There was another apostle, born out of due time, who—although possessed of a right to full-time support in his ministry of the Word—had a different obsession: to take the Word wherever God called him, whether that would provide him with a living or not. In that mission, he was sometimes supported; many times he made tents instead of making a living from his ministry. Paul’s bivocational life was a matter of economic necessity, but it also had a pastoral effect. Paul challenged the Thessalonians, who had a problem with laziness, to follow his example. He reminded them that when he was with them he ate no one’s food free of charge, and earned his keep with his own hands. Paul could not have made that point so solidly, had he been in “full-time ministry” (as we call it) during his stay in that city. We don’t know whether Paul’s bivocational life in Thessalonike was a deliberate pastoral choice or a providential necessity, but in either case, God used it for the good of the Thessalonians.
And so I write to you on the occasion of your ordination to the priesthood to offer you this reminder of Paul’s life, taught to us by the Scriptures and attested by my own experience. I have served as a full-time seminary professor and pastor. I have also found myself selling fabric, painting houses, installing bathtubs, driving busses, hawking curriculum like a Lebanese rug merchant, and more, in order to finance my ministry.
So I speak—from a certain perspective—-as a ministerial failure. There is an upwardly mobile, slick corps of professionals that fill the full time salaried spots in our churches. I spent 7 of the 14 years of my ministry in those exalted ranks. Of late, I have fallen from them, and do not appear to be in any danger of recovering.
You may find yourself called to serve in that corps of polished professionals. I’ve been there, have many faithful friends there, and am happy to affirm that there’s plenty of good work to do there. If God calls you to it, then serve there without shame. But on the occasion of your ordination to the priesthood, I want to remind you—for whatever my unsolicited counsel may be worth—that such a calling is by no means inevitable.
You may be called to the “failure” that was Paul’s life, and if you are, you must leap into your calling without shame. That might be relatively easy at the beginning, but as time wears on, you will begin to see the costs of your expensive ministry hobby. I want you to know, from someone further down that path, that it is worth it. God will provide. I do not understand His ways, and I yell at Him sometimes. I have had sleepless nights when I didn’t know how I was going to pay the rent, or afford a desperately needed dental operation for Kimberly. It has not been easy, not by any stretch. But it has been good. God is good; all His ways are good. He will carry you when, by every earthly calculation, you should fall down.
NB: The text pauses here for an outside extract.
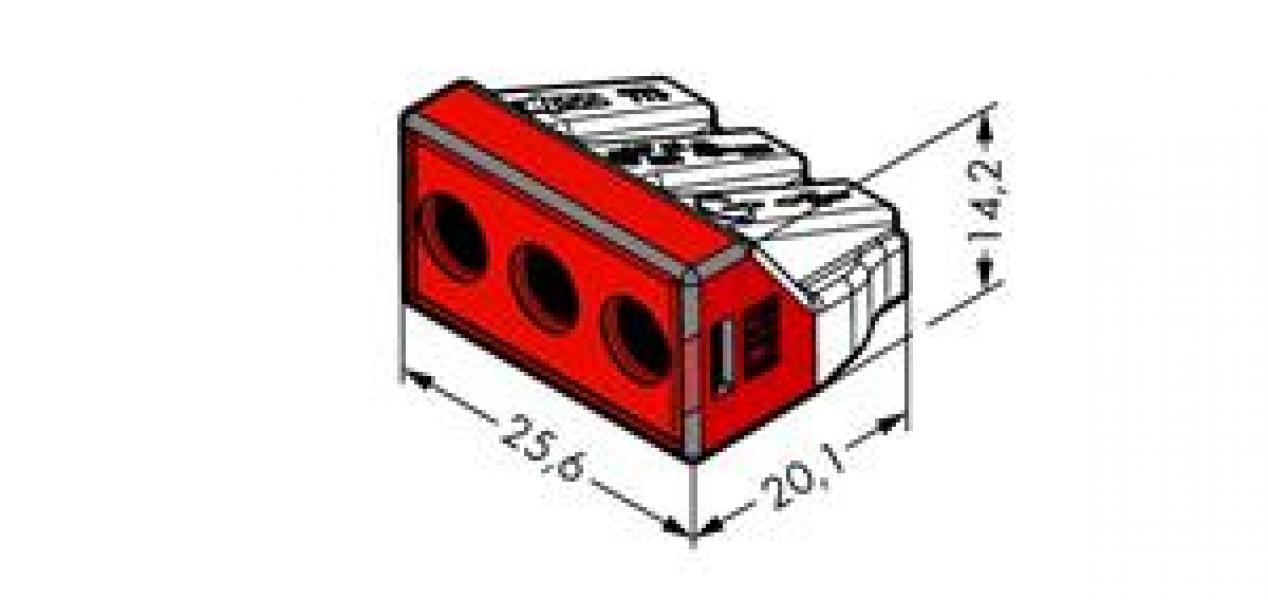 WAGO Kontakttechnik Verbindungsdosenklemme 3-Leiter-Klemme, rot (50 ST)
What sustains me in my service now is not the memory of the “glory years” when I was a paid, full-time worker in the Word, or some hope of getting back to that station eventually. What sustains me now is the character that was formed in me long before I was ever ordained, during my years as the hands and feet of Christ serving the Body in whatever capacity was needed.
By the time they ordained me, I knew I wasn’t getting a coveted appointment to an indoor job with no heavy lifting. I was getting a license to serve, as I had always served — only more so. It might not be fitting to leave the ministry of the Word and prayer to serve tables, but it is sometimes necessary. You might have every right to make a living from the ministry, but in God’s providence, you might not have the ability to do so. In the context of the American church, you will be made to feel like a second-class citizen for that, and you will be tempted to scratch and claw for a “better” post with better pay.
But no. Labor in the calling God has given you, secure in the knowledge that if you have to pay your own way, you are not the first. God will care for you, and your treasure is invested in heaven, which holds up surprisingly well when the bottom falls out of the earthly markets.
I wish you every success in your ministry. May Christ the Sun of Righteousness shine on you, and scatter the darkness from your path, and may the blessing of God Almighty—-Father, Son, and Holy Spirit—abide in you and rest upon you always.